In one embodiment, the pad 204b is coupled to a data line 208b to transfer data to the second component 110 (e.g., receive rgi_dt). Data line 208b may receive data from serializer 156 of the first component 105 to transfer to deserializer 176 of the second component 110. In one embodiment, data line 208b is data line 116.

In one embodiment, the pad 204c is coupled to a data line 208c to receive data from serializer 186 of the second component 110 to transfer to deserializer 166 of first component 105 (e.g., receive rgi_rsp). In another embodiment, the pad 204c is coupled to a data line 208c to receive a signal from the second component 110. In one embodiment, data line 208c is data line 118.

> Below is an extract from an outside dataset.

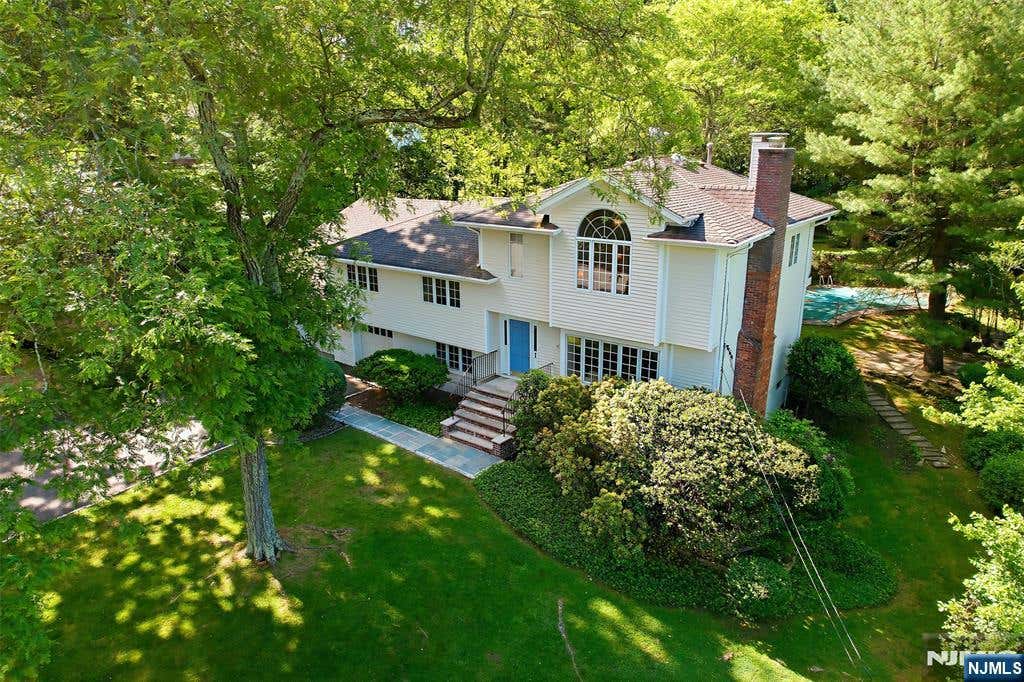 Photo of 1 Winding Way, North Caldwell, NJ 07006 (MLS # 26018049)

In one embodiment, the pad 204d is coupled to a data line 208d to receive a clock signal (e.g., refclk0). The IO mux 206d may transfer the clock signal to the PLL 108 and the PCL 202. The PLL 108 outputs one or more output signals (e.g., 640 MHz, 128 MHz, 38.4 MHz). The clock gates 209 may perform clock gating. In one embodiment, clock gating may reduce dynamic power dissipation. In another embodiment, clock gating may prune the clock tree (e.g., disable portions of the circuitry so that flip-flops do not have to switch states) to save power.

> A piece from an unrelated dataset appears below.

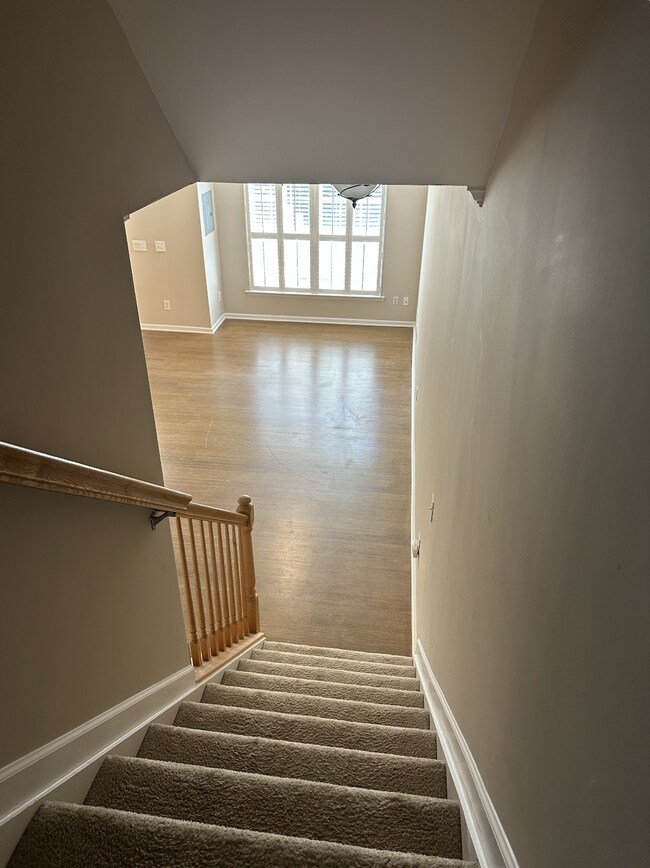 Building Photo - Spacious 3-Bed Townhouse in Raleigh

First component 105 may include a sub-component 210. The sub-component 210 may include one or more of PLL 108, clock gates 209, control register auxiliary power domain 212, system control unit (SCU) 214, and interface (IRI) 216. SCU 214 may include an RGI speed switch state machine and speed flip-flop(s) (FF(s)) memory 218. IRI 216 may include a radio generic interface (RGI) 220. The RGI 220 may include one or more of clock multiplexers and dividers 222, clock-management state machine 144, transmitter queue(s) 152, serializer 156, power-management state machine 142, receiver queue(s) 162, and deserializer 166.

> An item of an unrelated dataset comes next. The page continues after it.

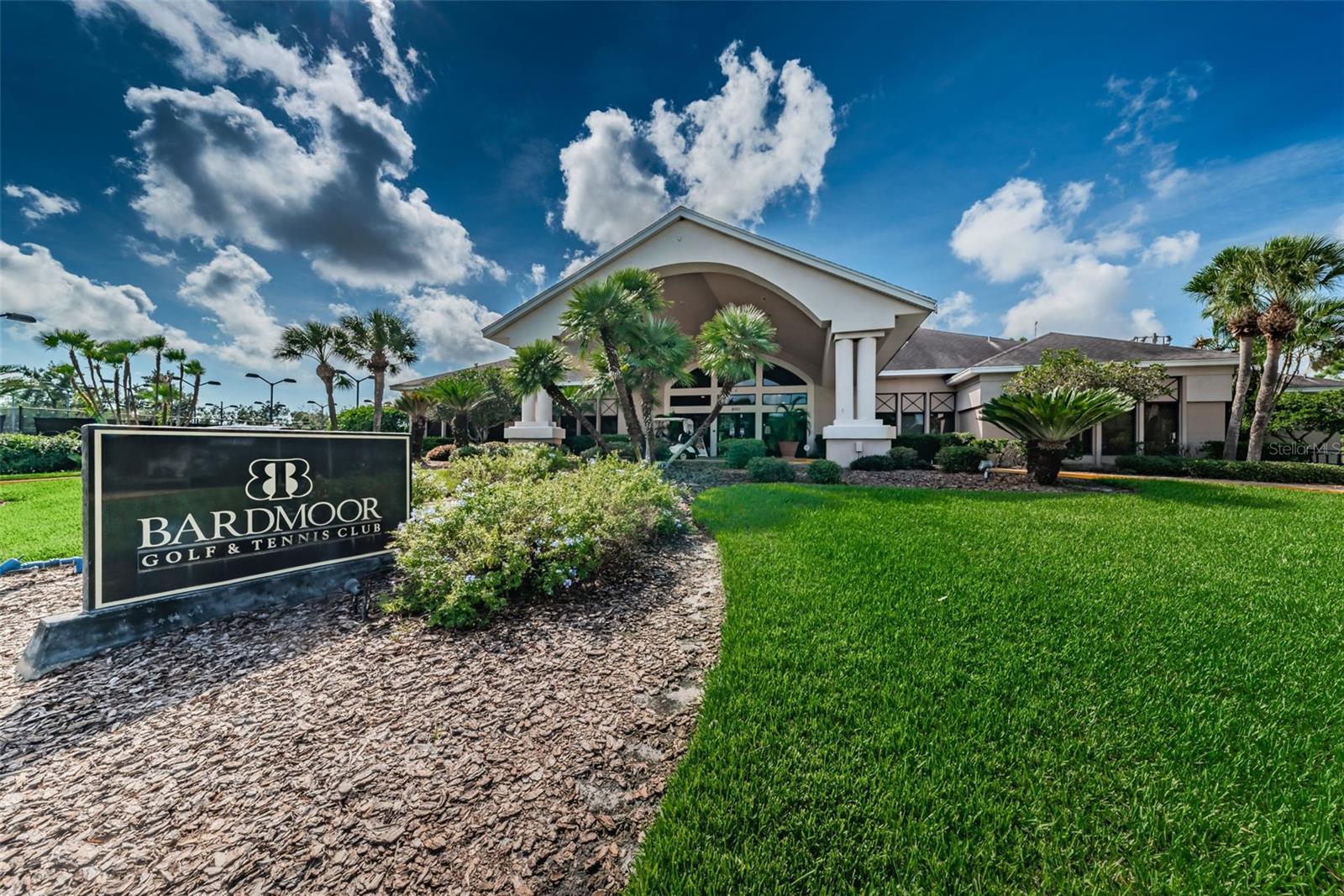 Bardmoor Clubhouse and pro shop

Clock gates 209 may transmit a signal (e.g., a signal at 480 MHz) to deserializer 166 and deserializer may be coupled to receiver queue(s) 162.

The SCU 214 may initiate one (or more) park packets (e.g., Park_cmd) to power-management state machine 142. Power-management state machine 142 may transmit a park packet to second component 110. In one embodiment, a park packet is a going-to-park packet. The going-to-park packet may change the first component 105 from an operating power state to a park power state, where the park power state is lower than the operating power state. SCU 214 may detect an “un-park” sequence signaling on pad 204c and initiate out of park to active sequence. Park is initiated by the first component 105. Speed switch is also initiated by the first component 105.

The SCU 214 may set RGI speed FF machine 218 to speed switch. A full_speed_req signal asserts a speed switch packet is sent. Clock Management State Machine 144 sets the clocks correctly. The RGI Speed FF machine 218 is kept powered on until the full power cycle.

The deserializer 166 may transmit a receiver flush signal (e.g., Rx_flush) to receiver queue 162 to flush the receiver queue 162 (e.g., clear the queue; self-reset the receiver, and so forth).

The RGI 220 may be coupled to a control registers auxiliary power domain 212.

The second component 110 may include an XTAL oscillator 230, an SCU 254 including an RGI speed FF machine 258, PCL 242, IRI 256, IO mux 246a coupled to a pad 244a coupled to data line 208a, IO mux 246a coupled to a pad 244b coupled to data line 208b, IO mux 246c coupled to a pad 244d coupled to data line 208c, and IO mux 246d coupled to a pad 244d coupled to data line 208d. Each IO mux 246a, 246b, 246c, and 246d (hereinafter IO mux 246) may be coupled to the PCL 242. Each pad of second component 110 (e.g., 244a, 244b, 244c, and 244d) is hereinafter pad 244.

IRI 256 may include a PLL farm 249 including PLL 128, control registers auxiliary power domain 252, and RGI 260. RGI 260 may include one or more of a clock-management state machine 148, clock multiplexers and clock dividers 262, receiver queue 172, deserializer 176, power-management state machine 146, transmitter queue 182, and serializer 186. RGI 260 may be coupled to the control registers auxiliary power domain 252.

In one embodiment, the transmitter queue(s) 182 is coupled to the serializer 186 which is coupled to IO mux 246c which is coupled to pad which is coupled to data line 208c to transfer a signal or packet to first component 105.

In one embodiment, PLL 128 may send one or more output signals (e.g., 624 MHz, 104 MHz, and so forth) to clock multiplexers and clock dividers 262.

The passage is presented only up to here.